1881 yılında, okul halen bütün ihtişamıyla ayakta duran bu binada, HAMİDİYE SANAYİİ MEKTEBİ adı altında eğitime başlamıştır.
1915 yılında zamanın okul müdürü Salih Zeki’nin oluşturduğu kaliteli bir öğretim kadrosuyla Avrupa Sanayi Okulları programı örnek alınarak dokuz yıllık bir sanat okulu ders programı ve yönetmeliği hazırlanarak bu günkü program ve yönetmeliklerin temeli atılmıştır. Ancak; İzmir’in Yunanlılar tarafından işgaliyle bu yerinde girişimler uygulama alanı bulamamıştır. İşgal yıllarında okulda eğitim ve öğretim yapılamamakta okul kimsesiz öğrenciler için adeta bir han gibi kullanılmaktadır.
Cumhuriyetin ilânı ile birlikte okul, İzmir Sanatlar Mektebi adı altında hemen eğitim ve öğretim görevine yeniden başlamıştır. Sadece İzmir için değil, bütün Türkiye’deki meslekî eğitim için önemli bir değer olan zamanın okul müdürü Ferit Uzel, Yunanlıların okuldaki tahribatını çok kısa zamanda olağanüstü gayretlerle gidermiştir.
1930 yılında çok şiddetle yağan yağmurlar dolayısıyla okulun arkasında bulunan karantina deresi taşmış ve okul atölyeleri yerle bir olmuştur. Bugünkü atölyeler 1930 yılında tekrar yapılarak eğitim öğretime özellikle üretime başlamıştır. 1940 -1950 yılları arası sanayinin henüz yapamadığı makine ve avadanlık üretimini bu okul gerçekleştirmiş, yetiştirdiği becerili insan gücü ve ürettiği makine ve avadanlıklarla bugünkü sanayimizin gelişmesinde büyük payı olmuştur. Ayrıca ülkemizde açılan sanayi okullarının ihtiyaç duyduğu makine ve avadanlıklar okulda imal edilmiş o tarihlerde “Okul Kuran Okul” unvanını almıştır.
O dönemde karantina ve çevresinin elektrik ihtiyacı da okuldan karşılanmaya başlanmıştır. Yine o günlerde okulda üretilen makine ve avadanlıklar bugün bile endüstri meslek liselerimiz ve sanayide halen kullanılmaktadır.
1931 yılında çıkartılan 1867 sayılı kanunla bütün sanat okulları “Bölge Sanat Okulu” haline getirilmiş ve valiliklerce tahsis edilen bütçe ile idare edilirken 1935 yılında çıkartılan 2765 sayılı kanunla okulumuzda her açıdan Maarif Vekâletine bağlanmıştır.

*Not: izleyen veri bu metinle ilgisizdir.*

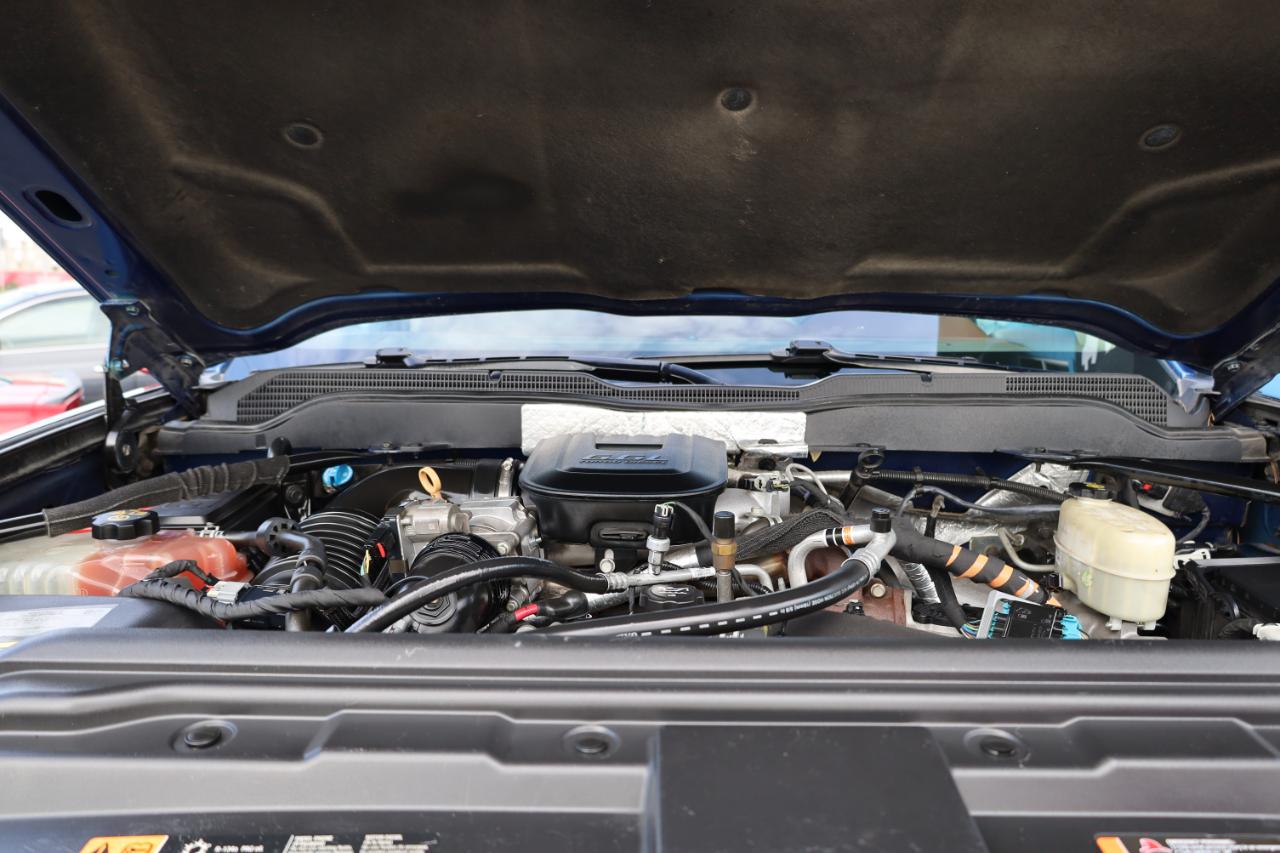 Chevrolet Silverado 3500HD 4WD Crew Cab 167.7" High Country 2016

1943 yılında İzmir Sanatlar Mektebi olan okulun adı Mithat Paşa’ya ithafen Mithatpaşa Sanat Okulu olarak değiştirilmiştir.”
Hak etmediği halde payeler verilen Abdülaziz’i ihtilâl planlayarak tahttan indiren, yerine geçirdiği 5. Murad’a deli raporu alarak alaşağı eden Mithat Paşa’nın gasp ettiği, Abdülhamid’in yaptırdığı “İzmir Sultaniye Mektebi”ne parası nasip olmamış zevatın adını vermek hak namına haksızlık, vefa adına vefasızlık değil de nedir?